ただし、カード決済ポイントだけでは以前の買いまわりやSPUを含めた高還元には届きにくいため、過去の感覚でお得度を計算しないことが大切です。
| 項目 | 現在の扱い |
|---|---|
| 通常ポイント | 寄付は対象外 |
| 買いまわり | 寄付は対象外 |
| SPU | 寄付は対象外 |
| カード決済分 | 別扱い |
| 税控除 | 制度は継続 |
他サイトとの差が縮小
楽天のふるさと納税改悪は、楽天だけが不利になったというより、ふるさと納税サイト全体でポイント競争が抑えられた変化です。

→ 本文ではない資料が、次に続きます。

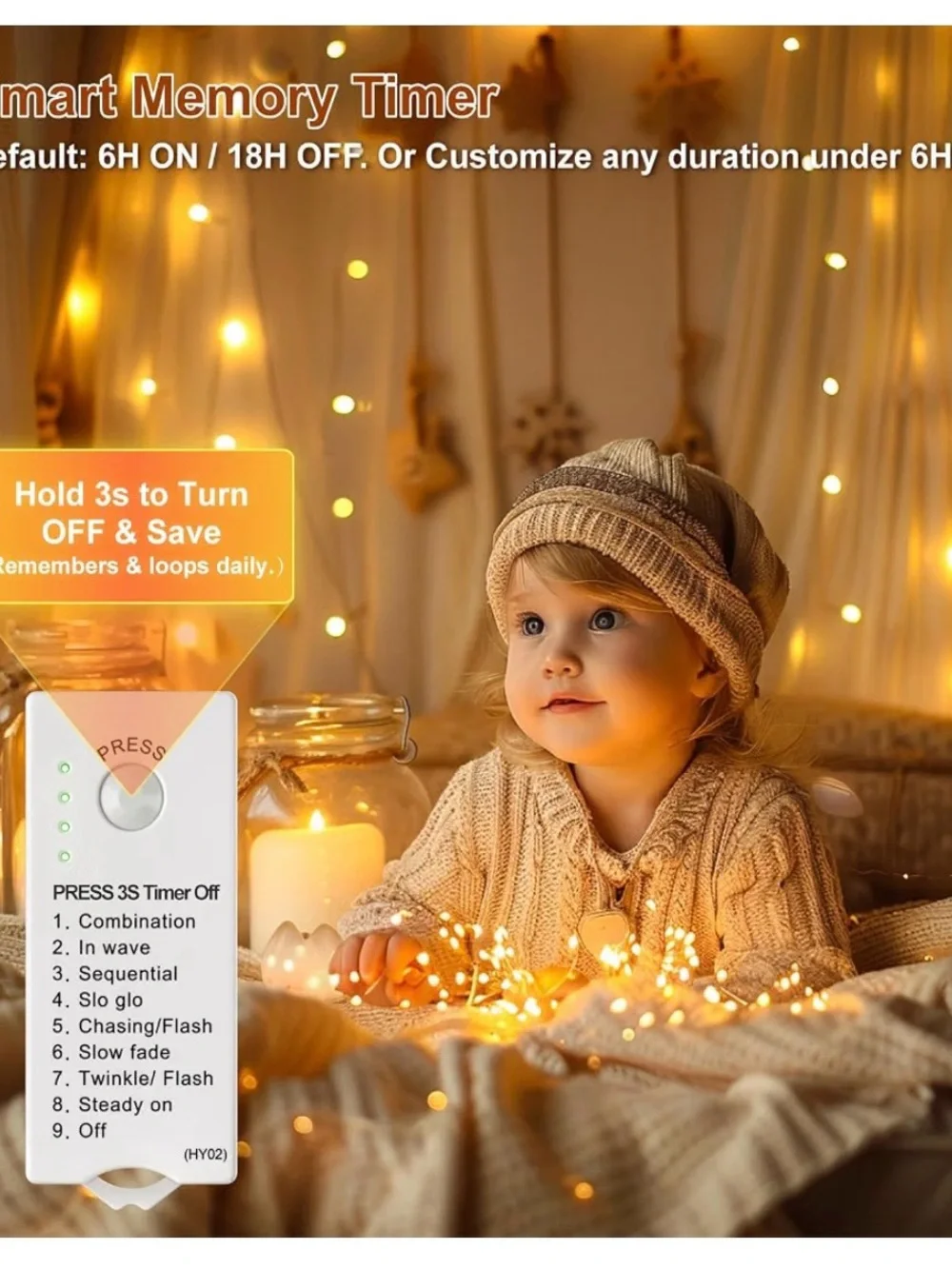 4 Pack Rechargeable Fairy String Lights 50 LED Warm White 8 Modes Timer USB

そのため、以前のように「ポイントを最大化するなら楽天一択」とは言いにくくなりました。
今後は、楽天、ふるさとチョイス、さとふる、ふるなびなどを、返礼品の掲載数、サイトの使いやすさ、配送管理、レビュー、決済方法で比較する流れになります。
特に、同じ自治体や同じ返礼品でも、サイトによって在庫状況、発送時期、掲載情報の詳しさが違うことがあります。
楽天を使い続けるかどうかは、楽天ポイントの多さではなく、自分にとって返礼品を探しやすいかで判断する段階に入っています。
寄付判断の基準が変わった
以前は、ポイント還元を含めた実質負担の軽さを重視して、楽天ふるさと納税を選ぶ人が多くいました。
現在はポイントの上乗せが弱くなったため、返礼品そのものの満足度を重視する必要があります。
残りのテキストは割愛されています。